The motion was approved on March 23, 2017. Initially brought before the House of Commons for debate as the province of Quebec was recovering from an attack by a crazed gunman on a mosque, killing six worshippers, the motion spoke to an “increasing public climate of hate and fear.” As parliamentary motions in Canada are usually passed with a minimum of fuss and because a similar motion condemning Islamophobia had been passed by Parliament months before, there were grounds to assume that M103 would pass without complaint.

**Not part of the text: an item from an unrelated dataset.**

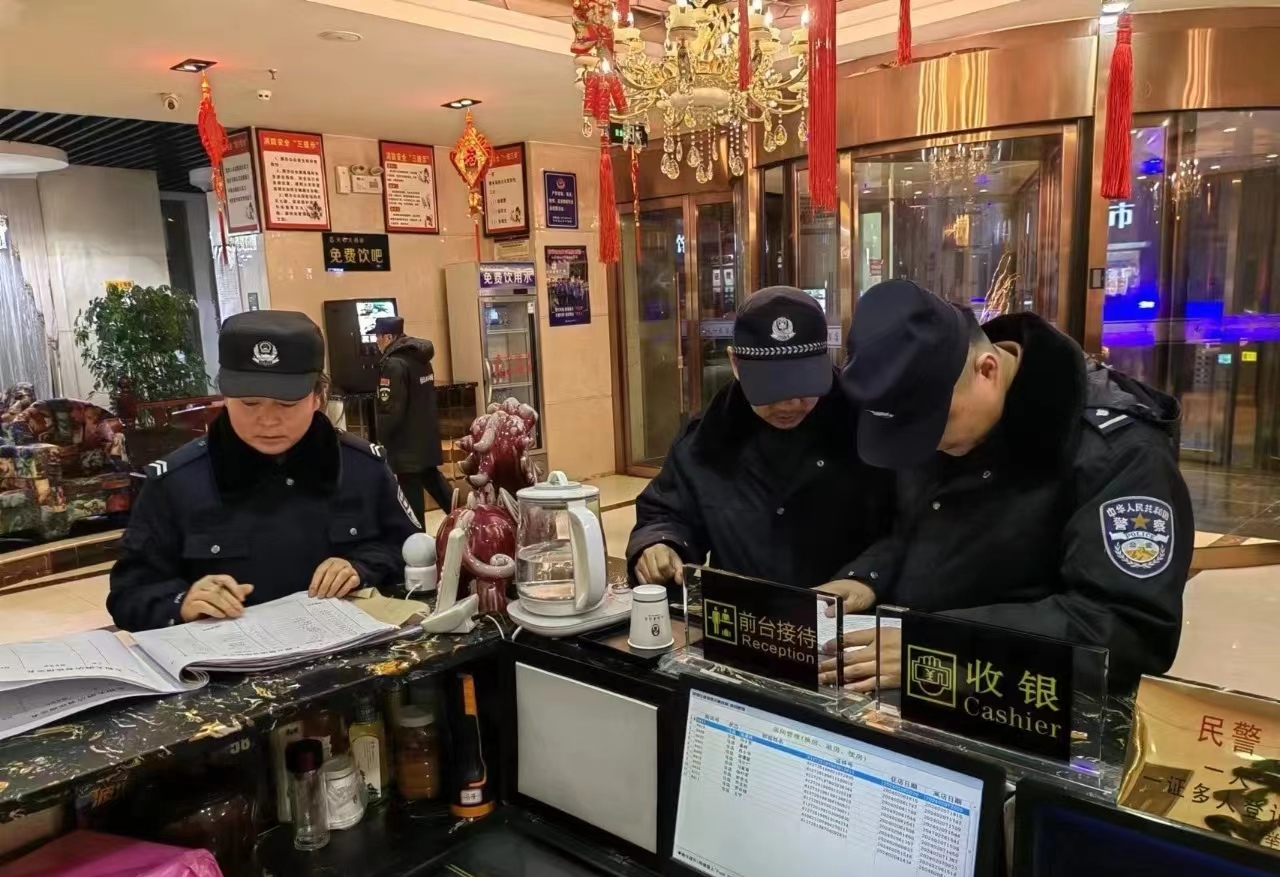<b>春节我在岗 | 让“年味”更安全 靖边公安守护“不打烊”</b>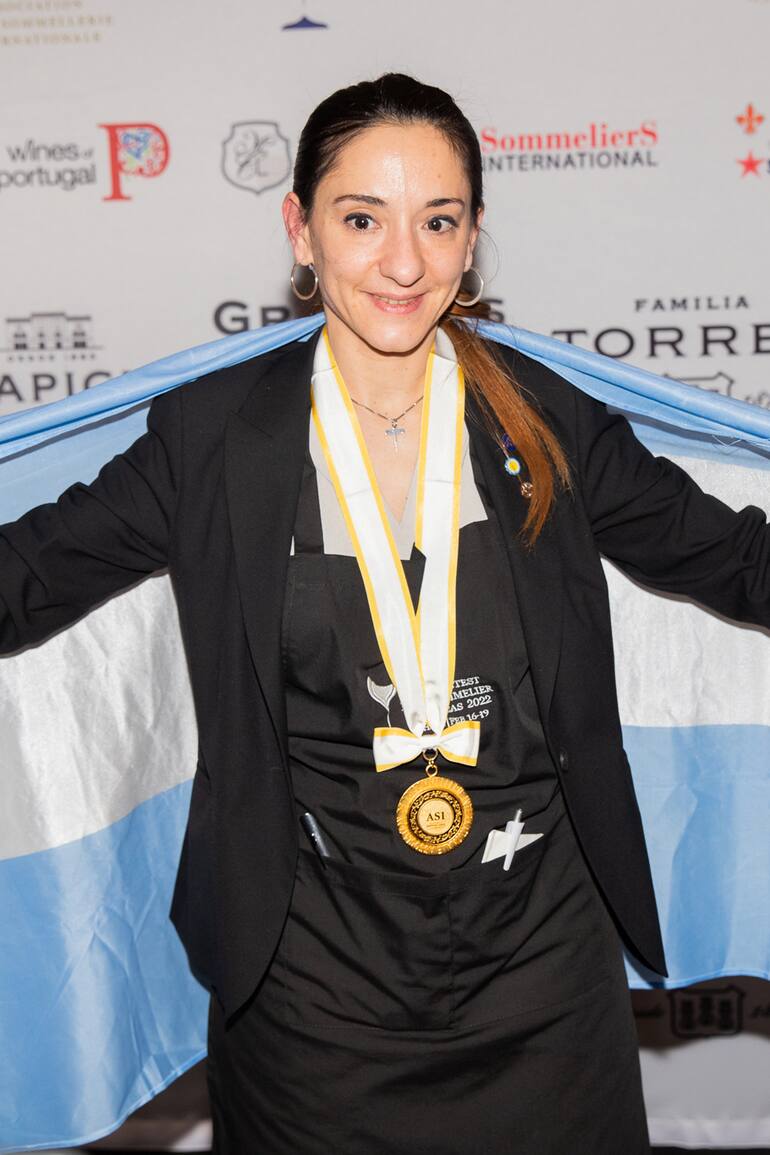 Valeria Gamper, enfundada en la bandera argentina durante la ceremonia de premiación de ASI, el 19 de febrero de 2022.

However, this time, Canadians – who already have a pretty solid reputation as the most tolerant country in the world – weren’t buying it. Polls showed the motion was vastly unpopular. Canada’s official opposition leader Rona Ambrose decried the motion as divisive. Protests against the motion sprang up in Canadian cities all throughout February and March. Opponents of M103 claim the motion benefits the growing Islamist presence within Canada’s Muslim communities.
Some Canadian journalists, such as Globe and Mail columnist Tabatha Southey, dismissed these concerns as “groundless xenophobia fuelled panic,” while National Post columnist Andrew Coyne wrote protests off as “hysteria” and “intolerance.” IPolitics correspondent Stephen Maher described the reaction as “anti-Muslim.” Canadian Muslim Forum President Samer Mazjoub claimed that an opposition motion, which offered a condemnation of all religious bigotry, not just Islamophobia, “has created waves of xenophobia” all across the country.